Your analogy is bad and you should feel bad

There is much to distinguish Rush Limbaugh and George Will.  But there is also much they have in common.  They both explain Obama's electoral success by the completely non-racist suggestion that Obama, completely undeserving of the job, has profitted from affirmative action.  What distinguishes Will from Limbaugh, however, is that Will is able to find an inappropriate analogy to make his point, Limbaugh, already famous for baselessly doubting the genuine accomplishments of African Americans everywhere, just says Obama has profited from Affirmative Action.  Another difference is that Will patronizingly suggests such feelings for Obama might speak well of Americans.

Anyway, after running through a summary of Obama's Presidency only Fox News could have written (see here for a rebuttal), Will concludes:

Obama’s administration is in shambles, yet he is prospering politically. This may not, however, entirely be evidence of the irrationality of the electorate. Something more benign may be at work.

A significant date in the nation’s civil rights progress involved an African American baseball player named Robinson, but not Jackie. The date was Oct. 3, 1974, when Frank Robinson, one the greatest players in history, was hired by the Cleveland Indians as the major leagues’ first black manager. But an even more important milestone of progress occurred June 19, 1977, when the Indians fired him. That was colorblind equality.

Managers get fired all the time. The fact that the Indians felt free to fire Robinson — who went on to have a distinguished career managing four other teams — showed that another racial barrier had fallen: Henceforth, African Americans, too, could enjoy the God-given right to be scapegoats for impatient team owners or incompetent team executives.

Perhaps a pleasant paradox defines this political season: That Obama is African American may be important, but in a way quite unlike that darkly suggested by, for example, MSNBC’s excitable boys and girls who, with their (at most) one-track minds and exquisitely sensitive olfactory receptors, sniff racism in any criticism of their pin-up. Instead, the nation, which is generally reluctant to declare a president a failure — thereby admitting that it made a mistake in choosing himseems especially reluctant to give up on the first African American president. If so, the 2012 election speaks well of the nation’s heart, if not its head.
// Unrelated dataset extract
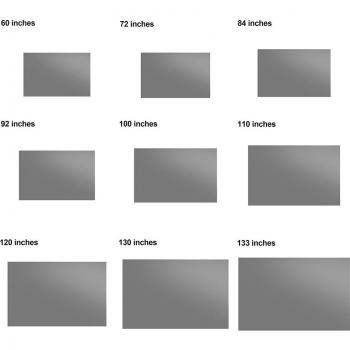 16:9 Portable Projector Screen for YG300 XGIMI H3 HALO Mogo Xiaomi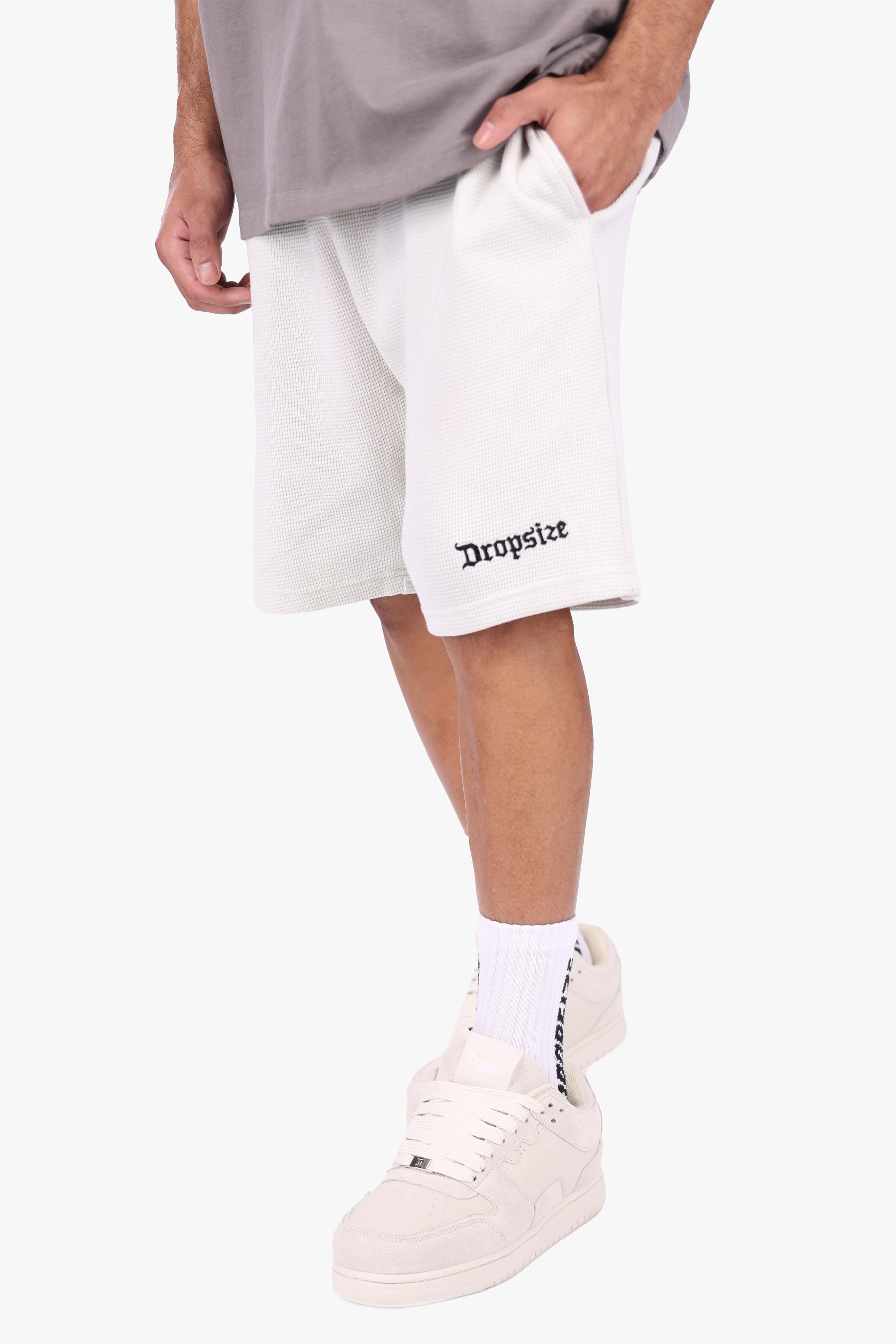 WAFFLE SHORTS STEEL LIGHT GREY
I remember Sarah Palin as well, and George Bush, I also remember Mitt Romney's characterization of 47 percent of the electorate as lazy moochers.  Then there is the string of things Obama has done that people kind of like.  These might also be explanatory factors in the President's recent and past political success.  People also seem to be aware that he inherited the worst economic crisis since the Great Depression (or so they think anyway).  Wonder why, however, those guys at MSNBC would ever dare to suggest that calling someone an Affirmative Action President was somehow racist.  Why would they do that?  After all, he's just like that other black guy.

How you know it’s time for a new analogy

Godwin time.  Let it be said that the Hitler analogy is multi-purpose.  But it's not all purpose.  Ask billionaire Leon Cooperman.  Speaking of the abuse he has suffered at the hands of the Obama administration, he said:

You know, the largest and greatest country in the free world put a forty-seven-year-old guy that never worked a day in his life and made him in charge of the free world," Cooperman told Freeland. "Not totally different from taking Adolf Hitler in Germany and making him in charge of Germany because people were economically dissatisfied. Now, Obama's not Hitler. I don't even mean to say anything like that. But it is a question that the dissatisfaction of the populace was so great that they were willing to take a chance on an untested individual."
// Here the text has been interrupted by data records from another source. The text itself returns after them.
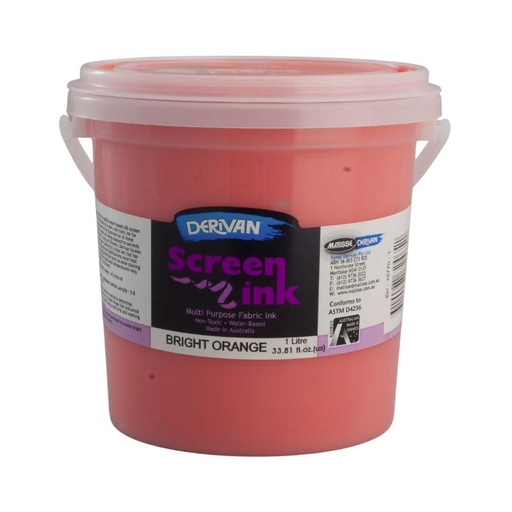 [1SI1BRO]  SCREEN INK 1LT BRIGHT ORANGE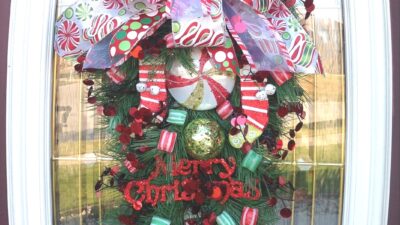 Big Front Doors Teardrop Wreath | Christmas Wreath Door Wreath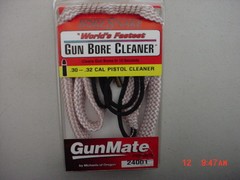 BORESNAKE BORE SNAKES NEW Gunmate .30-.32 Caliber Pistol Cleaner 24001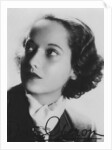 Merle Oberon (1911-1979), British actress by Anonymous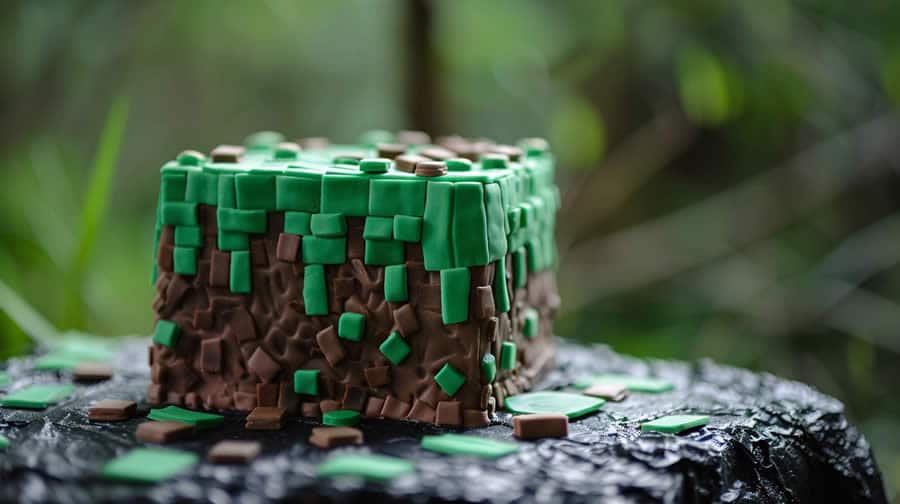 Classic Block Minecraft Cake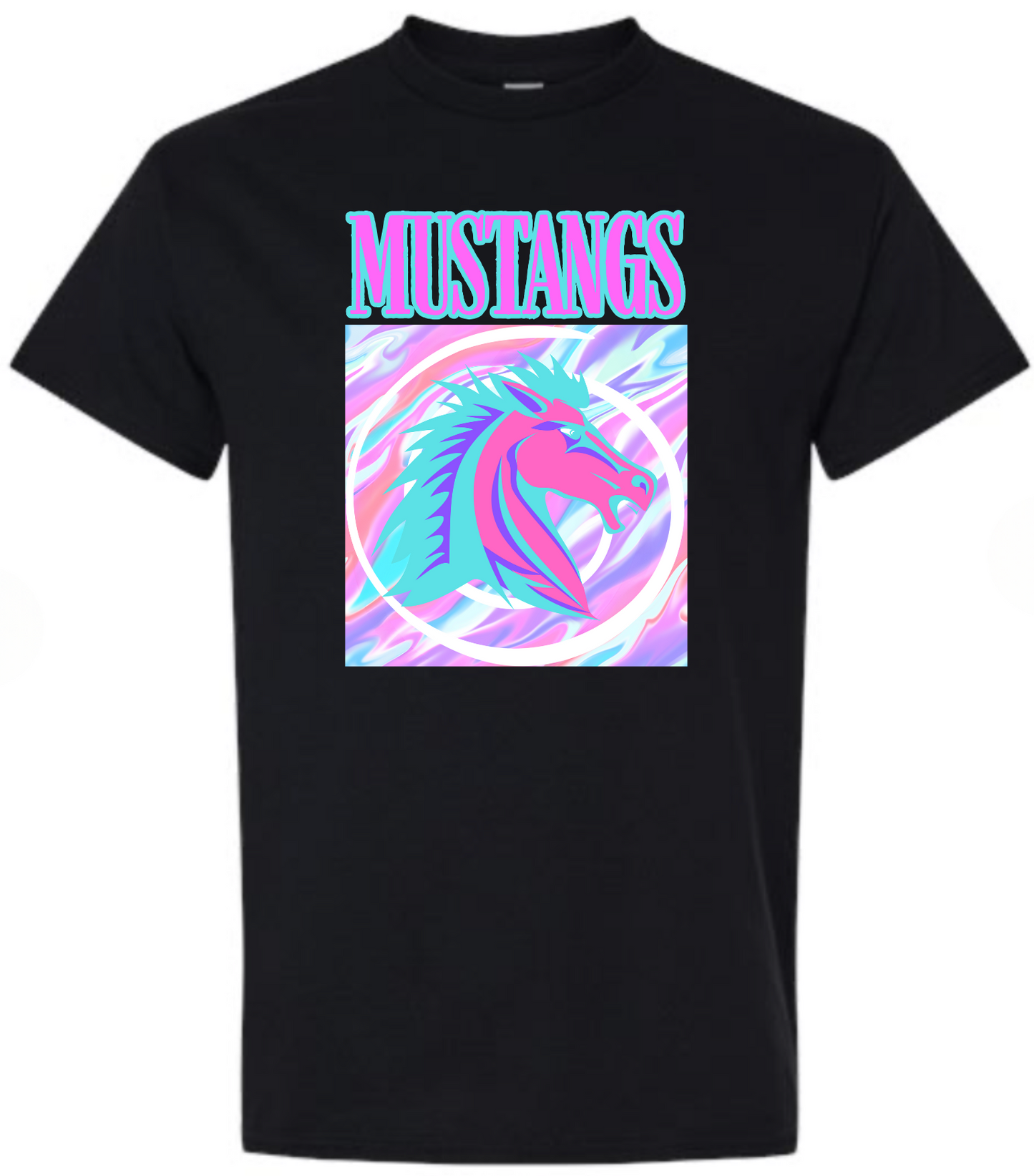 Neon Mustang Short Sleeve T-Shirt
Cooperman doesn't mean to say anything like Obama is Hitler, he just happened to be the only analogy laying around.  This was the second time Cooperman used that analogy.  After the first, his wife called him a "schmuck".

via Gawker (see this link for more inappropriate analogies).
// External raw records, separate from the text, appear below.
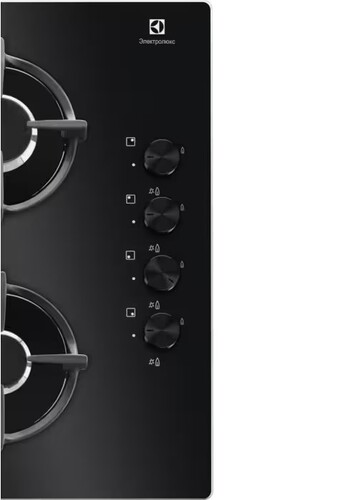 Купить Газовая варочная поверхность Electrolux KGG6407K  9243372. Характеристики, отзывы и цены в Донецке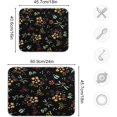 thumbnail image 3 of Coolnut Flower Black Dish Drying Mat for Kitchen, 16 x 18 Inch Microfiber Absorbent Dish Drying Pad, Machine Washable Kitchen Counter Protect Mats, 3 of 7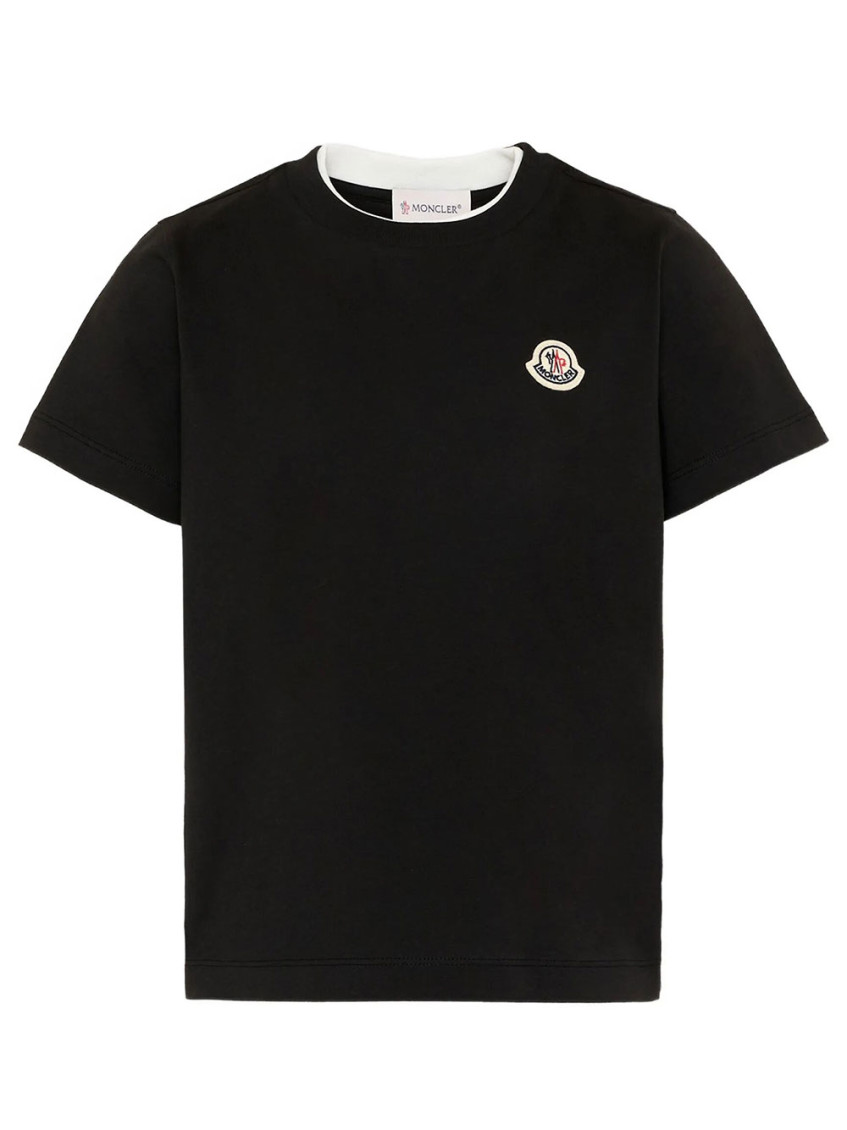 Boys Black Logo T-Shirt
All of us is as dumb as none of us

The Philosophy Blog 3 Quarks Daily has an annual philosophy prize for blogging.  I'm going to outsource this post to one of this year's winners, the Philosopher's Beard.  Here's a taste of the winning post, "Democracy is Not a Truth Machine":

In a democracy people are free to express their opinions and question those of others. This is an important personal freedom, and also essential to the very idea of government by discussion. But it has also been held to be instrumentally important because in open public debate true ideas will conquer false ones by their merit, and the people will see the truth for themselves. In other words, democracy has an epistemic function as a kind of truth machine. From this it follows that in a democracy there should be no dogma: no knowledge protected from public challenge and debate. Yet this whole argument is founded on embarrassing misconceptions of the nature of truth and of the working of democracy.

Read the whole thing.  Worth thinking about is how this argument bears on the collaborative norms of argumentation; all of us is as dumb as none of us.